Originally Posted by Randomoneh
And what is!? Even asking "which image looks better" (double-blind, lot of participants, lot of separate measurements for every participant) would be enough. There is absolutely no reason to ask participants "in which image do you perceive higher resolution" because every difference between can be attributed to resolution, since everything else stays the same.
And as I've said before: differences should be even more obvious when comparing between different panels with different resolutions - instead of simulating resolution.
Doing some sort of resolution test charts on the TV screen. eg. at one point do two lines blur into one, basically switching between original image and video and downsampled images video, without telling the viewing which is which. Both test chart type videos as well as lots of other video types could be tested. You ask the viewer which is showing the most detail (not most real/being there).

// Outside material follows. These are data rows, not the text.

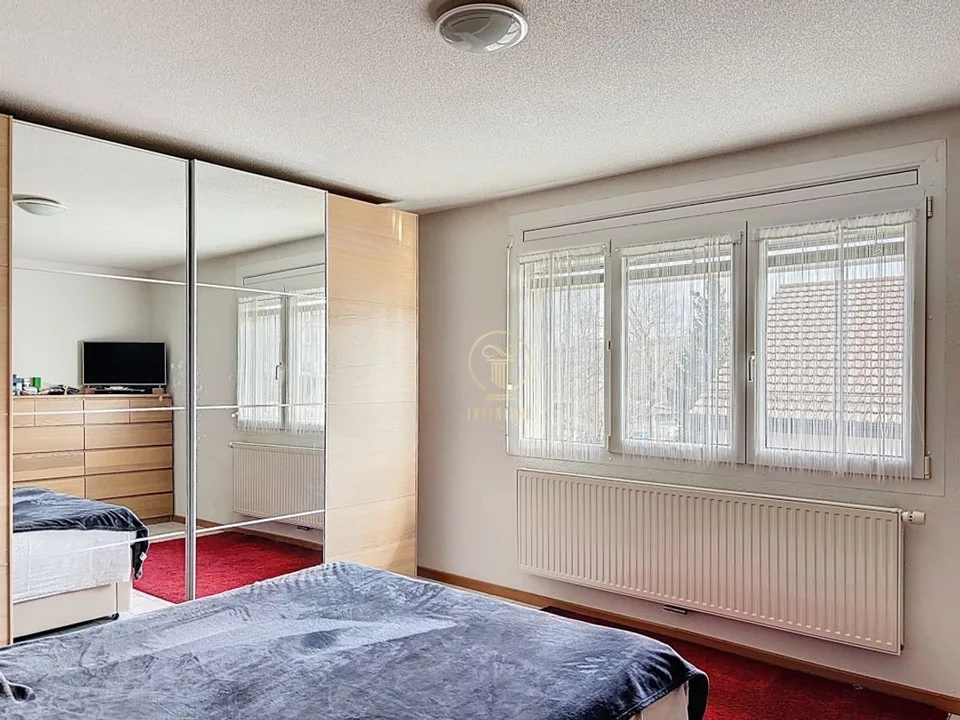 A 5 MIN DE MEZIERES - magnifique villa individuelle lumineuse sur 2 niveaux, avec 5 chambres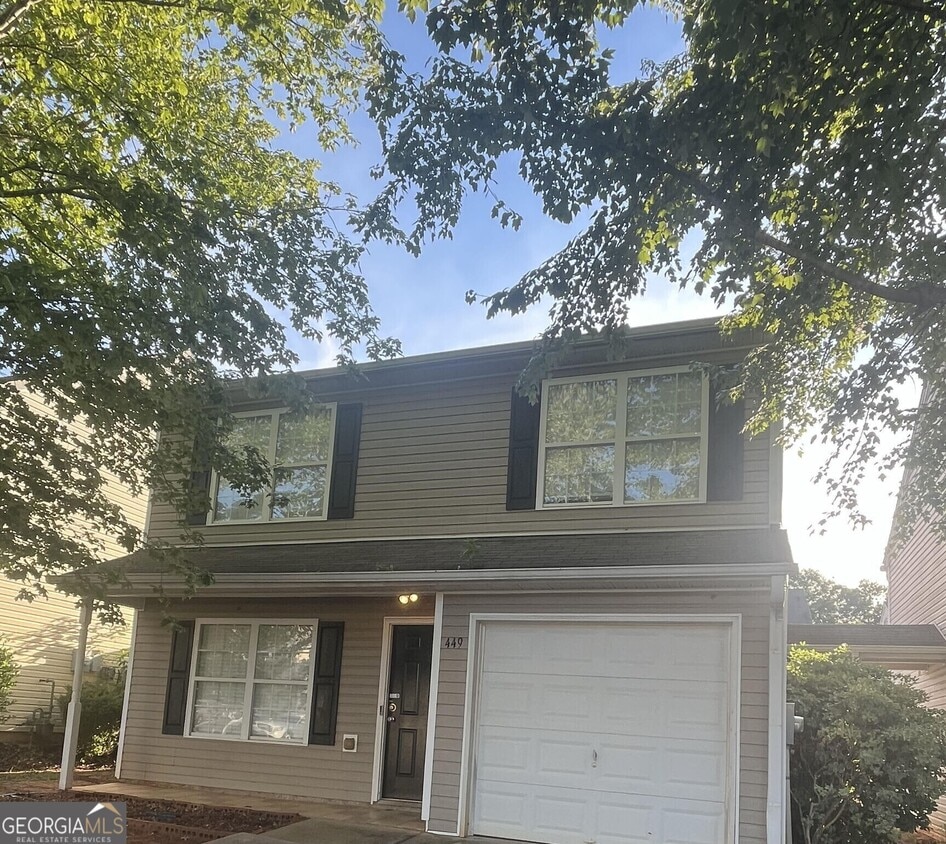 Building Photo - 449 Kara Ln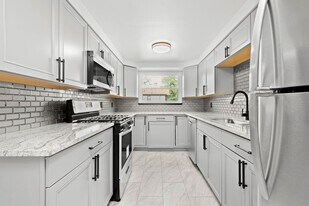 84 Pasadena St in Pittsburgh, PA - Building Photo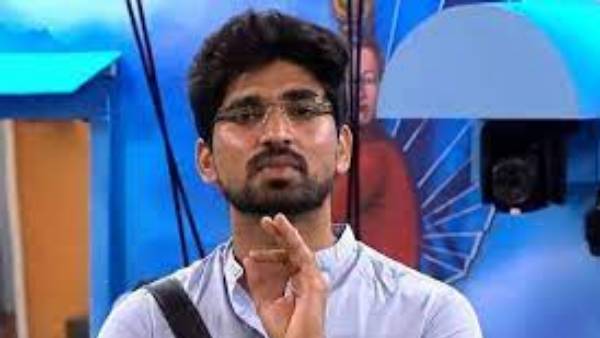 మేనరిజమ్స్ ని ఇమిటేట్ చేసి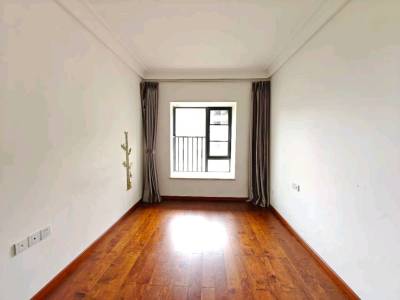 3室2廳2陽臺(tái) 招商海公館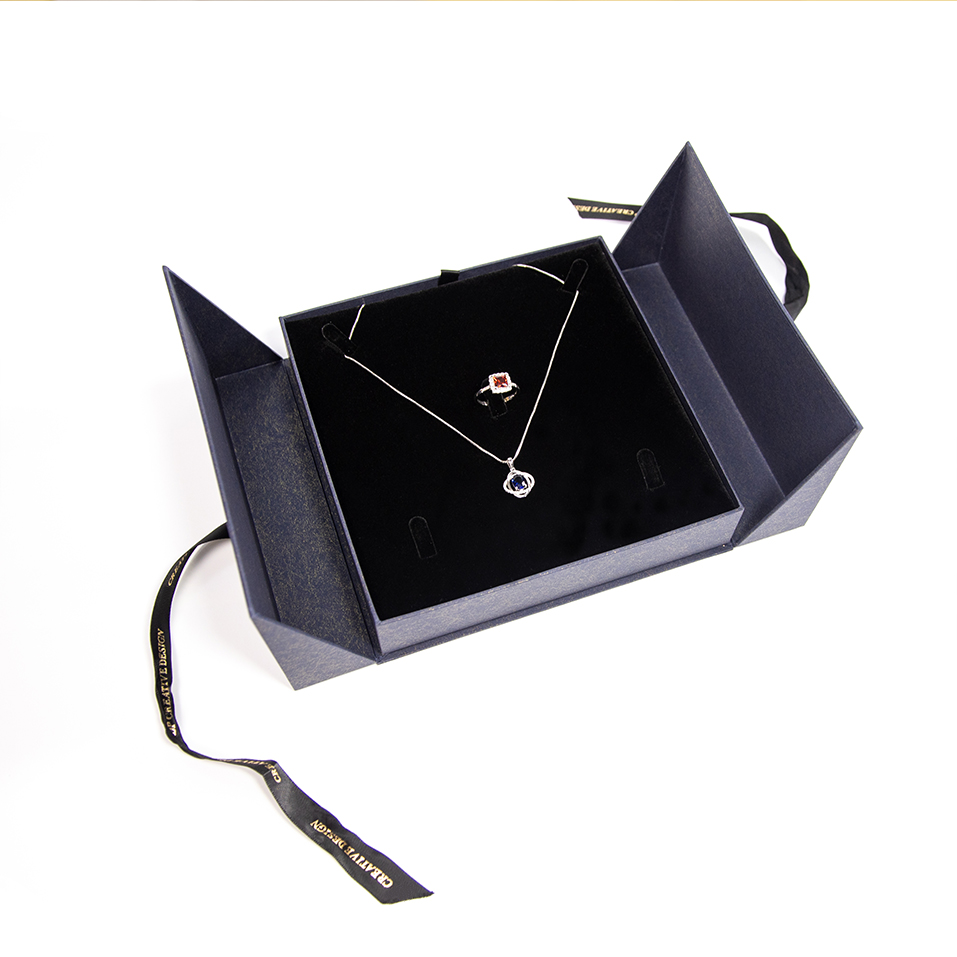 Jewellery set gift box necklace watch bracelet chain packaging
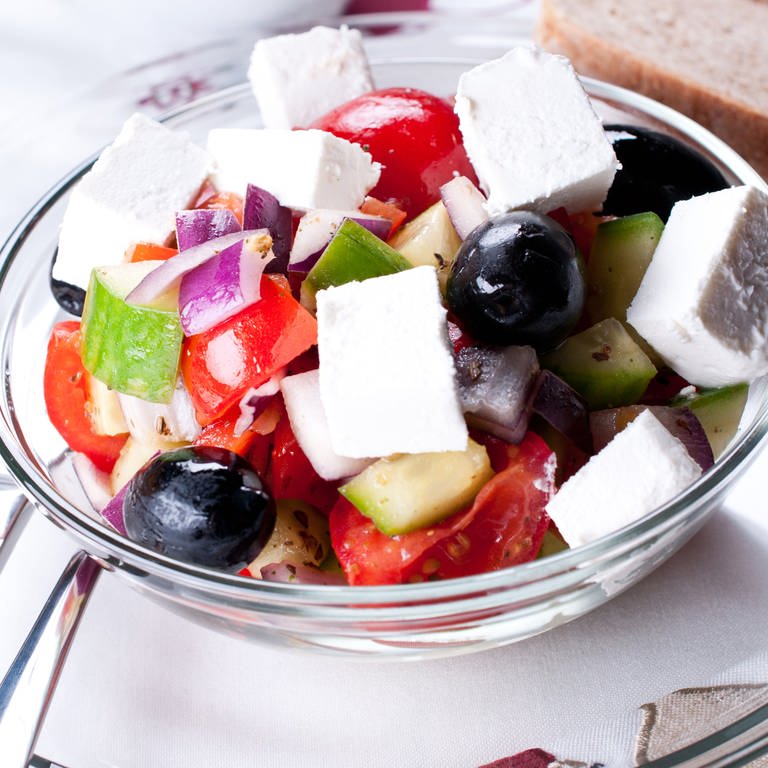 Griechischer Salat mit Gurke, Tomate, Paprika und Feta (Foto: Colourbox)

Another way is like how they did with the EBU test - have 3 TVs positioned at the same distance from the viewer, one showing each resolution. But unlike them, you could randomly put the different resolutions on the different TVs. Also, unlike with the EBU test, you should make sure the test is unbiased. Also, you should probably do an independent standard eye-test of each of the participants, and take that and age into account in the tests (eg. do they all have at least 20:20 vision)?.
showed that the preferred viewing distance did not depend on the resolution or content
It's hard to believe it didn't depend on the content - surely how it was shot would affect how you viewed it. It would also have depended on the fact that the TV was only 60Hz too.